Liou (2008) yaptığı çalışmada, finansal başarısızlık ile hileli finansal tabloların belirlenmesinde kullanılan modeller arasındaki benzerlik ve farklılıklar incelenmiştir. Tayvan’da yapılan bu çalışmada, önceki çalışmalarda da kullanılan 52 değişken kullanılmıştır. Bu değişkenler, lojistik regresyon, karar ağacı ve yapay sinir ağı

48

yöntemleri ile analiz edilmiştir. Çalışmanın sonucunda finansal tablo hileleri ile finansal başarısızlıkların belirlenmesinde çok sayıda değişkenin etkisi olduğu belirlenmiştir. Lojistik regresyon yönteminin %99, yapay sinir ağının %91, karar ağacı yönteminin %95 doğru sınıflandırma oranlarında sahip olduğu hesaplanmıştır. Lojistik regresyon ve karar ağacının başarısızlık tahmininde en etkili yöntemler olarak ifade edilmiştir.
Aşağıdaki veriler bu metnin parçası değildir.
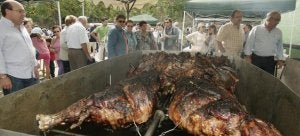 La ternera, que ha permanecido dieciséis horas a fuego lento, ya está lista para su troceo y posterior reparto. / SERGIO ESPINOSA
Alifiah (2013) çalışmasında logit analiz yardımıyla 2001-2010 tarihleri arasında Malezya’daki ticaret ve hizmetler sektöründe faaliyet gösteren mali sıkıntılı şirketleri tahmin etmeye çalışmıştır. Çalışmada bağımsız değişken olarak finansal oranlar (borç oranı, toplam varlık devir hızı, cari oran, likidite oranı, işletme sermayesi oranı ve net kar/toplam varlık) ve makro ekonomik değişkenler (Baz borç verme faiz oranı, gayri safi milli Hasıla, para arzı, Tüketici fiyat endeksi ve Kuala Lumpur Bileşik Endeksi) kullanılmıştır. Araştırma sonucunda Malezya’daki ticaret ve hizmetler sektöründe faaliyet gösteren finansal şirketlerinin tahmininde kullanılan bağımsız değişkenlerin borç rasyosu, toplam aktifler devir oranı, işletme sermayesi oranı, nektar/toplam varlıklar taban borç verme faiz oran olduğu bulunmuştur.

Geng, Bose ve Chen (2015) çalışmalarında 2011-2008 döneminde Şangay Menkul Kıymetler Borsası ve Shenzhen Borsasında özel muameleye alınan 107 Çinli şirket için mali sıkıntı olgusunu incelemişlerdir. Bu amaçla 3 farklı zaman penceresi ve 31 finansal göstergeye dayalı mali sıkıntı uyarı modelleri oluşturmak için veri madenciliği teknikleri kullanılmıştır. Çoğunluk oylama ile kombine birden sınıflandırıcılar bir topluluk olarak bir karar ağaçları ve destek vektör makineleri gibi diğer sınıflandırıcılar daha doğru olan sinir ağlarının performansı gözlemlenmiştir. Bu çalışmanın en önemli katkısı karlılık bozulma tahmininde önemli bir rol oynayan toplam varlıkların net kar marjı, toplam varlık getirisi, Hisse başına kazanç ve hisse başına nakit akışı gibi finansal göstergeler keşfetmektir. Ayrıca çalışmanın çindeki firmaların finansal sıkıntı tahminleri için uygun bir yöntem sağladığı ileri sürülmektedir.